King Tong: The London Dancfloor


wenn es um neue tanz-trends geht, hat pete tong mit seinem label ffrr die nase vorn - denn als DJ sitzt er in london an der quelle, mit ME/Sounds besuchte er die brennpunkte des dancefloor-geschehens.

Die Dinge haben sich in der Tat gewandelt für den unmöglich jung ausschauenden Pete Tong. Es begann alles damit, daß er sich bereits mit 14 Jahren an die Plattenteller seiner lokalen Disco in der Grafschaft Kent zu schwätzen vermochte: „Eigentlich hätte man ja 18 sein müssen, um überhaupt reingelassen zu werden. Aber ich sah halt damals älter aus als meine Jahre.“

Das war vor nunmehr 15 Jahren – zu einer Zeit also, wo die neuesten Londoner Tanzschreie noch fast ausschließlich auf importiertem Vinyl aus den USA oder gar Deutschland geortet werden mußten. 1989 brachte das Kontrastprogramm: Mit Soul II Soul. Neneh Cherry und den Fine Young Cannibals gleich drei der weltweit erfolgreichsten Dancefloor-Acts aus der emanzipierten britischen Tanzszene.

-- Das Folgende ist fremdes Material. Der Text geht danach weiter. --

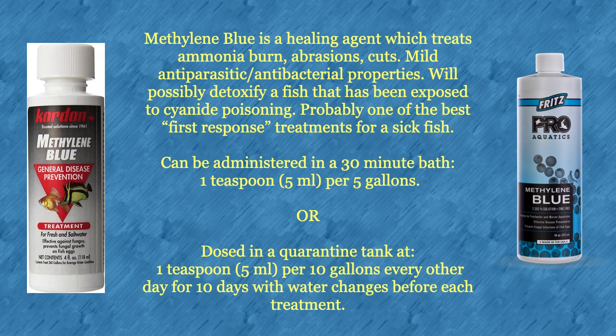Methylene blue is a healing agent which treats ammonia burn, abrasions, and cuts. It has mild antiparasitic and antibacterial properties, and will even possibly detoxify a fish which has been exposed to cyanide poisoning. Methylene blue is probably one of the best first-response treatments for a sick fish. It can be administered as a 30-minute bath treatment at one teaspoon per five gallons.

Tong erlebte die Selbstentdekkung und den Aufstieg dieser Szene von Anfang an und von innen mit: Heute erfreut er sich eines scheinbar putschsicheren Dauer-Thrones im exklusiven Kreis der Londoner DJs, deren Platten die Trends bestimmen, anstatt ihnen hinterherzulaufen. Dies nicht zuletzt deswegen, weil er unterdessen die Hälfte seines Alltages als Kapitän des extrem erfolgreichen Plattenlabels „ffrr“ hinter einem imposanten Schreibtisch verbringt. Auf selbigem legt eine Box voller Tonbandcassetten Zeugnis darüber ab, wie viele Hitparaden-Aspiranten (und nicht wenige -Veteranen) es als unerläßlich befinden, auf dem Weg zur Spitze ein Demo an Tongs Adresse (ffrr Records, Chancellors House. Chancellors Road, London W6 9BQ) zu schicken.

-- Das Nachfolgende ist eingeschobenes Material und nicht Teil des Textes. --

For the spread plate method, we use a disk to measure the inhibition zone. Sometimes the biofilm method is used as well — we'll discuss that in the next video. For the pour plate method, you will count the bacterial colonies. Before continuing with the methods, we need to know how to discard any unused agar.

Tongs Weg von Silver Convention zu Salt-n-Pepa und D Mob führte über ein gewaltiges Arbeitspensum, ein paar zeitgeistige Glücksfälle und einen Riecher dafür, im rechten Moment den rechten Beat aus der Tasche zu zaubern. Nach jenen ersten DJ-Versuchen buchte er sich zunächst ein Plätzchen in der damals florierenden Szene der Piraten-Radios. Daraus erwuchs ein legaler und prestigereicher Job bei der Lokalstation „Radio London“, daraus wiederum ein Redakteursposten bei dem damals rhythmusangebenden Magazin „Blues & Soul“ („DJ zu sein war zwar ganz nett – ich wollte aber die Sicherheit eines Ganztagsjobs haben“).

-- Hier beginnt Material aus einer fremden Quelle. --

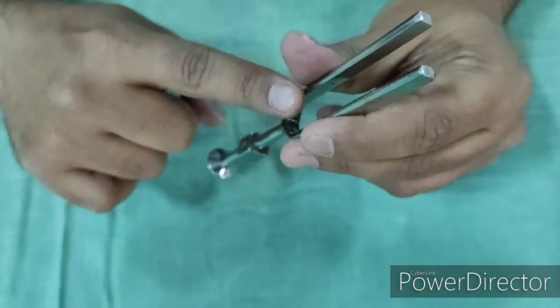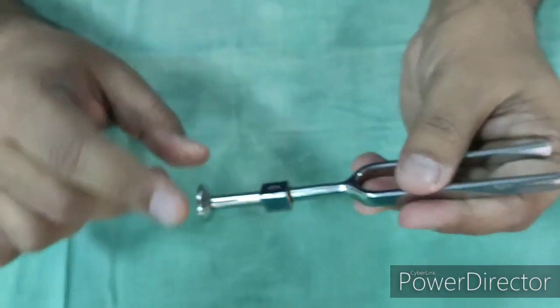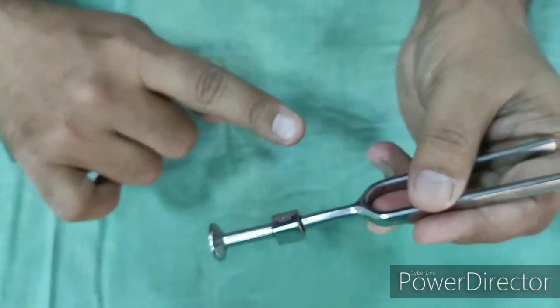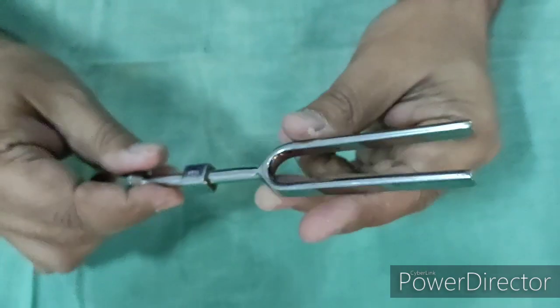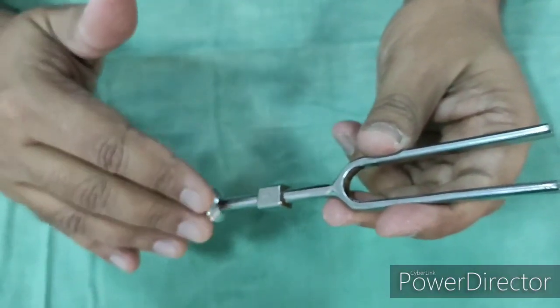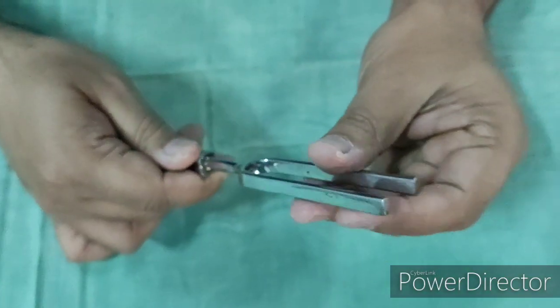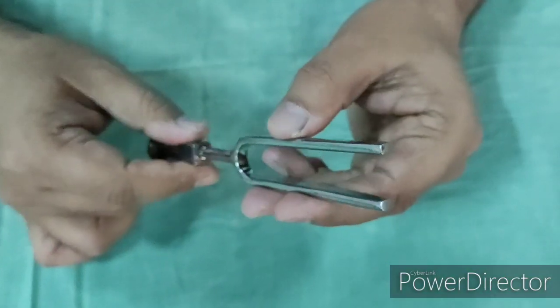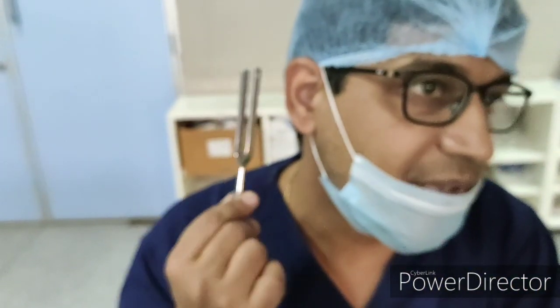The use of the tuning fork is to assess hearing in patients, to know the type of hearing — whether it is conductive or sensorineural — and also to know the degree of hearing. The degree of hearing can be assessed using a battery of tuning forks. After striking the tuning fork, it is kept in the acoustic axis of the canal, at around 1.5 to 2 cm from the external auditory meatus.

Parallel dazu bewies er in seiner DJ-Karriere das erstaunliche Talent, just da die Teller zu bedienen, wo der Volksmund gerade daran war, diesen Club in die Rubrik „legendär“ einzuordnen. „Wir waren eine Gruppe von DJs und operierten unter dem Namen ‚Special Branch‘. Wir legten weniger Wert auf die Örtlichkeiten als darauf, wer einen jeweiligen Clubabend organisierte. Nicky Hollowax zum Beispiel hat fast immer Erfolg mit seinen Projekten. Mein Name begann sich herumzusprechen aufgrund meiner Arbeit in einigen Clubs außerhalb von London in Canvey Island. Das war noch zu den Glanzzeiten des Disco-Booms Ende der 70er Jahre. In den 80er Jahren war dann etwa der ‚Barracuda Club‘ in der Baker Street angesagt, wo jeden Freitag und Samstug 1000 Leute kamen, oder aber der ‚London Zoo‘.“

Legendär sind auch Tongs schweißtreibende Auftritte bei den jährlichen „Soul Weekends“ von Prestatyn, wo sich 6000 Wahnsinnige vier Tage lang um die Uhr dem Tanzbazillus opfern. Heute ziert Tong den samstäglichen „Alphabet City-Club im Astoria Theatre mit 2000 Partygästen („Derzeit spielen wir 80% House, 15% Rap und 5% Kuriositäten wie die Rolling Stones„). Dazu präsentiert er am frühen Samstagabend eine dreistündige Tanzsendung auf Londons meistgehörter Radiostation „Capital Radio“. Und dies alles neben seinem eigentlichen Brötchen-Job – der Führung des Labels ffrr, das im Moment mit den Titeln „Welcome“ von Gino Latino. „Put Your Hands Together“ von D Mob und „I Called You“ von L’il Louis das Tempo der englischen Charts forciert und den Trend bestimmt.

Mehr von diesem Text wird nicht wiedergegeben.